Thalia in der Gaußstraße
Gertrud

Leere Gläser auf leerer Bühne

Text & Foto: Adrian Anton

„Liebe ist ein großes Wort“, sagt Gertrud – eine gebildete Frau und ehemalige Sängerin. Sie ist mit einem aufstrebenden Politiker verheiratet, dennoch unabhängig, aber auch unglücklich. Liebe ist in dieser Inszenierung nicht das einzige große Wort, denn der norwegische Regisseur Eirik Stubø inszeniert das 1906 geschriebene Stück „Gertrud“ des schwedischen Autors Hjalmar Söderberg als sehr reduziertes Erzähltheater, das dem Gesagten genügend Raum lässt. Bilder entstehen eher vor dem inneren Auge als auf der Bühne, denn die vier Darsteller agieren ruhig und sind sparsam mit Gesten, so dass die Dialoge im Vordergrund stehen.

„Dieses alte Leben ist tot, begraben.“

Maja Schöne spielt Gertrud als unabhängige und stolze Frau, die nicht bereit ist, sich mit „dem gewöhnlichen Leben gewöhnlicher Frauen“ abzufinden. Sie bricht mit ihrem Ehemann Gustav Kanning (Tilo Werner), der zwar „furchtbar klug“ sowie „verständnisvoll und zartfühlend“ ist, aber den sie nicht mehr liebt. Sie wünscht sich mit ihrem jungen Liebhaber, dem Künstler Erland Jansson (Sven Schelker) wegzugehen, obwohl dieser sie öffentlich demütigt und sie sich bewusst ist, dass ihre Liebe nicht von Dauer sein wird. Ihr früherer Liebhaber Gabriel Lidman (Matthias Leja) versucht sie zu überreden, mit ihm fortzugehen, doch Gertrud will keine falschen Kompromisse, sondern entscheidet sich für ein ungewisses und unsicheres, aber selbst bestimmtes Leben. Was heute immer noch nicht selbstverständlich ist, war 1906 mit Sicherheit ein gesellschaftlicher Skandal.

„Frauenliebe und Männerwerk, die zwei sind Feinde von Anbeginn an.“

Am spannendsten ist „Gertrud“ an jenen Stellen, an denen diese starke Frau ihre Unabhängigkeit einfordert und mit den drei Männern bricht.

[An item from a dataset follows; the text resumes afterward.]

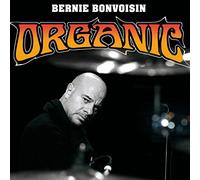 Bonvoisin, Bernie - Organic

In diesem Augenblick der Trennung reagiert jeder der Männer äußerst brutal, vor allem ihr ansonsten so beherrschter und verständnisvoller Ehemann. Ob Besitzdenken, Verlustängste oder verletzter männlicher Stolz die Ursache sind, wird nicht benannt. Und genau daran liegt die Stärke dieser Inszenierung von Eirik Stubø: Es wird nicht alles gesagt, was zwischen den Zeilen zu lesen ist, und es wird auch nicht alles gezeigt, was mit Gesten und vor allem Worten angedeutet wird. „Gertrud“ ist Theater, das zum genauen Hinhören und Hinschauen auffordert. Sehr reduziert, aber gerade dadurch sehr effektvoll.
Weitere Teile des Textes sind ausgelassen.